Una valutazione quantitativa precisa delle dimensioni del problema arriva da un nuovo studio pubblicato sulla rivista “BMJ Open” da Sergei Scherbov e Daniela Weber dell’International Institute for Applied Systems Analysis di Laxenburg, in Austria.
Gli autori hanno infatti stimato che nel 2047, nella popolazione degli over 65, una donna su quattro e un uomo su sei avrà una disabilità fisica tale da compromettere le sue attività quotidiane.
Percentualmente, non ci saranno grandi variazioni; a preoccupare è piuttosto il numero assoluto di questi anziani fragili, che aumenterà molto perché le persone di età superiore a 65 anni fra trent’anni saranno molte di più. Senza misure preventive efficaci, dunque, il fenomeno avrà un impatto enorme sui sistemi sanitari nazionali e privati di tutta Europa.

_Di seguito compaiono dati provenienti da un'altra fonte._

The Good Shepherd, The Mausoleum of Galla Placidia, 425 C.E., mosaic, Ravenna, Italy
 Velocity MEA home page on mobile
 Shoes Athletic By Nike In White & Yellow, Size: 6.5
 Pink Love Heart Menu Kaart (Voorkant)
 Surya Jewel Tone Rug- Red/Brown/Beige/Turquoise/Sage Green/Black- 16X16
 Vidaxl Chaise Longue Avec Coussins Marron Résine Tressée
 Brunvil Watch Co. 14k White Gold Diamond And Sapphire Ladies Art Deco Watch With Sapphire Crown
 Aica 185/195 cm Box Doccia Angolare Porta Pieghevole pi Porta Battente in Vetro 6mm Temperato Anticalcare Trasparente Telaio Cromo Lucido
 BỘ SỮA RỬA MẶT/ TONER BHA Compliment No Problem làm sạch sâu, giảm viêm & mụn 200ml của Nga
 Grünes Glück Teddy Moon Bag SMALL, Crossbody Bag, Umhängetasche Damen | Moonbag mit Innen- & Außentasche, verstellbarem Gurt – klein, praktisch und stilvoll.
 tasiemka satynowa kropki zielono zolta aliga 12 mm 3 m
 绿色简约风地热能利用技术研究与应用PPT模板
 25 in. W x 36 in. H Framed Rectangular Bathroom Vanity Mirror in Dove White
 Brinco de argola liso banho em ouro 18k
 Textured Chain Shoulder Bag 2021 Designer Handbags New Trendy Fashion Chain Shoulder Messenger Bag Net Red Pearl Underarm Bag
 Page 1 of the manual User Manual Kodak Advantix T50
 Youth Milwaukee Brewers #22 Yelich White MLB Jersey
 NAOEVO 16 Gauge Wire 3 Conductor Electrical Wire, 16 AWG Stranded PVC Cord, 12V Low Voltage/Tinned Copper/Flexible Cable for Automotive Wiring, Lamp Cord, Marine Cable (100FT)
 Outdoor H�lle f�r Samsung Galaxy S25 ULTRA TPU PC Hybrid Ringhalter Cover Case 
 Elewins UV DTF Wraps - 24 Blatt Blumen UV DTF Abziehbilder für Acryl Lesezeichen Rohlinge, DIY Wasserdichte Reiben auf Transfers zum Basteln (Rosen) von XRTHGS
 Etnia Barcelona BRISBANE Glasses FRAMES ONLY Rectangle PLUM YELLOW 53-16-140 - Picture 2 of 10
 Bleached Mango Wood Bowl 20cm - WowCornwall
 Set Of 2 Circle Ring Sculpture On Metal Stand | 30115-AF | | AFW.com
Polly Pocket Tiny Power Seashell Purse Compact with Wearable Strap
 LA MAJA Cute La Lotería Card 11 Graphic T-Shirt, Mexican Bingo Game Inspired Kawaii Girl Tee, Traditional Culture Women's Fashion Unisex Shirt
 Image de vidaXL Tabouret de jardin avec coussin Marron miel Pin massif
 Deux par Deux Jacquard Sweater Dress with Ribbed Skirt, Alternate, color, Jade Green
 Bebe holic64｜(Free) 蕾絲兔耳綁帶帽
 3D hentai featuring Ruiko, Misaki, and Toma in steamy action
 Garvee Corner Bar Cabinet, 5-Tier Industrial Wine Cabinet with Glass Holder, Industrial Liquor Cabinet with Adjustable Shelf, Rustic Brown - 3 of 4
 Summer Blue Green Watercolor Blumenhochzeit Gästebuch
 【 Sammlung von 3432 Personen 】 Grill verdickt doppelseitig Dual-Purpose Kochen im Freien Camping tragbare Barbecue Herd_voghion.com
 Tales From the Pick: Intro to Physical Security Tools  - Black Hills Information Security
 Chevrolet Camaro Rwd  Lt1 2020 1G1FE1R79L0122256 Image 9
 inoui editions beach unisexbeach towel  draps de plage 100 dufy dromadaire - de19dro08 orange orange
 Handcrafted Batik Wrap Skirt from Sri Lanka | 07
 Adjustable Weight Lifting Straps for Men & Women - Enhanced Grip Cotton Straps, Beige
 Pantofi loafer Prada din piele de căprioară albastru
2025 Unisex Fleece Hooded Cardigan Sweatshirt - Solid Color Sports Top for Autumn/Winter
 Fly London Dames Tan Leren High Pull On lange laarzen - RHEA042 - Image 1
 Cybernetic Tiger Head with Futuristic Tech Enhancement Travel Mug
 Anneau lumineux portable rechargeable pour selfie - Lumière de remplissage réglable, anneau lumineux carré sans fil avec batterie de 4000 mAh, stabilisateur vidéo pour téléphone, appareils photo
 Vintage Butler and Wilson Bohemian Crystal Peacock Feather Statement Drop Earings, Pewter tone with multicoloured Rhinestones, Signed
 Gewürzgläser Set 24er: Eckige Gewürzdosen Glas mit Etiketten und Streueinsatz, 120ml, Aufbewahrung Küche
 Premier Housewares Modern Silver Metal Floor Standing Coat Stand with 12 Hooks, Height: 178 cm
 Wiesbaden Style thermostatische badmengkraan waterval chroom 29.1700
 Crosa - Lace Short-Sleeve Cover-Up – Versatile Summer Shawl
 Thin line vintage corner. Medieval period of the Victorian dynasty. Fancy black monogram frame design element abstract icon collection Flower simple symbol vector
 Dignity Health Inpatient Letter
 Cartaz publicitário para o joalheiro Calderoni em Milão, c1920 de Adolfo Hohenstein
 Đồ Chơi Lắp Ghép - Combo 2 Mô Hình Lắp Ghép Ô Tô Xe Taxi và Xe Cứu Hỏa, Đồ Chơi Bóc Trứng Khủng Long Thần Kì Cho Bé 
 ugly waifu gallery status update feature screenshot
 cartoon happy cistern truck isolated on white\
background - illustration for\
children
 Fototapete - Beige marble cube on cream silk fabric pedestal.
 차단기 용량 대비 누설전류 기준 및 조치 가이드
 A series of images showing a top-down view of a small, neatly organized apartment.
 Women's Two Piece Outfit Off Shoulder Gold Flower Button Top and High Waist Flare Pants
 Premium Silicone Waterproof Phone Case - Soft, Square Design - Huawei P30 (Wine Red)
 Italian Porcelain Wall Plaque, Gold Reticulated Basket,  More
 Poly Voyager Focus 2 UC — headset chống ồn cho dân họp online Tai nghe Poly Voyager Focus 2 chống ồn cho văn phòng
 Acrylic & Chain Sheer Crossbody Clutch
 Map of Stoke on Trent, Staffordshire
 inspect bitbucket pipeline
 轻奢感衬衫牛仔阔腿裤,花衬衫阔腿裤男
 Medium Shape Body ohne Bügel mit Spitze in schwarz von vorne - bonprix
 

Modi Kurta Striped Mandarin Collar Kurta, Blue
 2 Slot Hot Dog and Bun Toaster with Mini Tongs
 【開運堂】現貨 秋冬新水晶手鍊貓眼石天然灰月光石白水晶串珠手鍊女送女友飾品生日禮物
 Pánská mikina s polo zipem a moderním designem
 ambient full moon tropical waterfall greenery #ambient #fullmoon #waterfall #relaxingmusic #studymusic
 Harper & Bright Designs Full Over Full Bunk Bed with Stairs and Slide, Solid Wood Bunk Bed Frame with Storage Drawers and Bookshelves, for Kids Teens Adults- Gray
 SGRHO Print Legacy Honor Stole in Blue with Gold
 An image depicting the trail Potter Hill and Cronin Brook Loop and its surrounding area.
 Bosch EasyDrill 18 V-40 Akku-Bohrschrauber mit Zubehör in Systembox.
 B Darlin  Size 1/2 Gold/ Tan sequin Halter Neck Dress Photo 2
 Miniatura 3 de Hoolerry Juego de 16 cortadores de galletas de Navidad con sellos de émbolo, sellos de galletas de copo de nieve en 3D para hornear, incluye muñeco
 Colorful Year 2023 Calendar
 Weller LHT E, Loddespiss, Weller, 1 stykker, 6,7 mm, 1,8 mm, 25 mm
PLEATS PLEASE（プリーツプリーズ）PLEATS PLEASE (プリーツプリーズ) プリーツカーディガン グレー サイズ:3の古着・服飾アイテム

I risultati sono stati ottenuti sulla base di una analisi dei dati EU-SILC (Statistics on Income and Living Conditions) raccolti dall’Unione Europea ogni anno tra il 2008 e 2014 in 26 paesi del Vecchio Continente, messi a confronto con le proiezioni demografiche e di speranza di vita tra il 2015 e il 2050 delle Nazioni Unite.
Focalizzandosi sulla popolazione europea più anziana, i ricercatori hanno combinato i dati per calcolarne la speranza di vita in salute, un parametro epidemiologico che rende conto degli anni di vita non gravati da problemi sanitari invalidanti.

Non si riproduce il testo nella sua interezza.